In late 1960s W. Lawvere, with help from Tierney, extended the Grothendieck topoi to the theory of elementary topoi. This was not the only contribution of Lawvere in the 1960s. Lawvere promoted also the duality between spaces and dual objects which he calls quantity (cf. space and quantity). While Lawvere's impact has been deep, I object to the terminology: in physics a quantity is normally a single observable; physicist do not consider the algebra of all observables a quantity, but rather a field of quantities, or algebra of quantities. But never mind the terminology, Lawvere went on very deeply in presenting this point of view, which is really generalized noncommutative geometry. Of course, neither Grothendieck nor Lawvere did not pay that particular attention to reconstructing the differential geometry and measure theory from the study of operator algebras, what is the huge contribution of Connes, or from the study of noncommutative rings, which was implicit in Gabriel 1961 and more explicit with works of J. S. Golan, van Oystaeyen (and P. M. Cohn with his affine spectrum) and others in mid 1970s, working with spectra of noncommutative rings and noncommutative localization theory as a noncommutative analogue of Zariski topology. One should mention that sporadic appearance of operator algebras from the noncommutative geometry point of view is present to some extent in 1970s book of Semadeni on Banach spaces of continuous functions (MR296671), where he studies, among other topics, the noncommutative analogues of many topological properties of topological spaces; in less explicit form there are also works of Irving Segal which had a similar motivation.
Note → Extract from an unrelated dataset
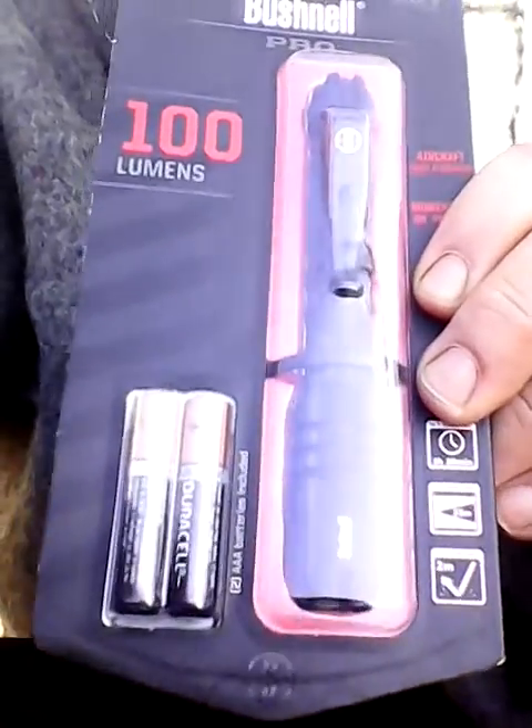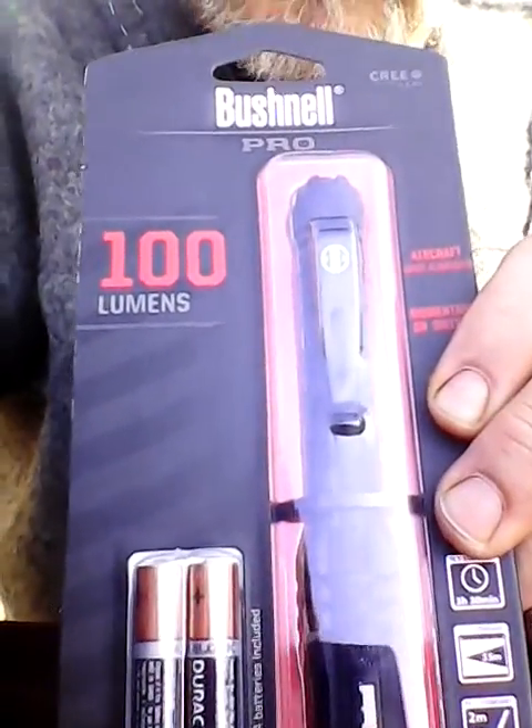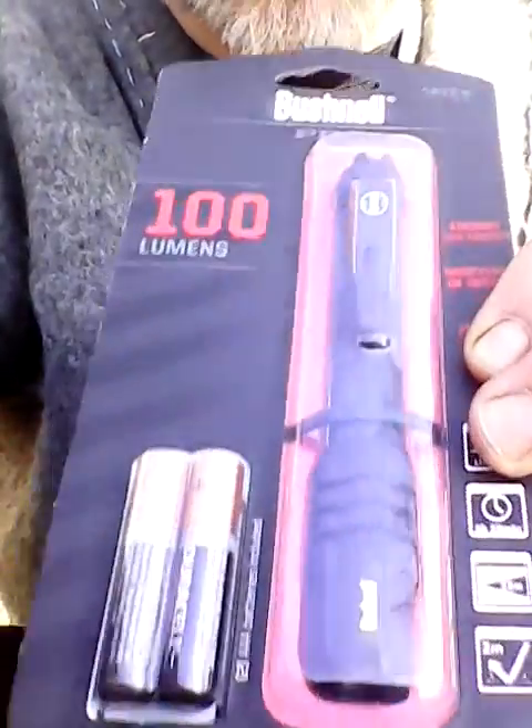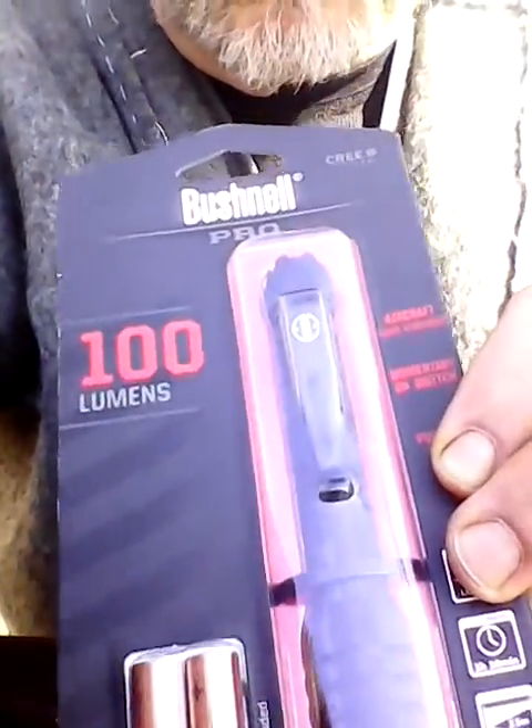Wow. He sent me a 100 lumen Bushnell pen light. He had one of these when we had our meet-up here back in November and they're really bright — nice flashlight. Like I said, it's not just the box anymore.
Grothendieck says in his memoirs that the concept of abelian category as he promoted it in Tohoku is part of the same philosophy  abelian categories, possibly with additional axioms like AB5 are sort of categories of sheaves of modules, and should be viewed as an idea which is sort of abelian/stable version of Grothendieck topoi. More precisely, in this line, there is a recent Nikolai Durov's concept of a vectoid. Pierre Gabriel, who was close to Grothendieck's school in his early days, had in his prophetic work of 1961 reconstruction theorem for schemes and study of subcategories and localizations in abelian categories which represent open or closed subschemes and so on. Gabriel's work is in fact the first big work in noncommutative algebraic geometry and his reconstruction theorem is really the basic motivation in algebraic flavour of the theorem. In a sense, Gabriel's work is an abelian version of some Grothendieck's basic ideas of topos theory (cf. noncommutative scheme for one of the modern ideas along that line of thought) and Grothendieck was well aware of the abelian direction of this thinking from the Tohoku times.
For a general vista, I recommend
 Pierre Cartier, A mad day's work: from Grothendieck to Connes and Kontsevich The evolution of concepts of space and symmetry, Bull. Amer. Math. Soc. 38 (2001), 389408, pdf.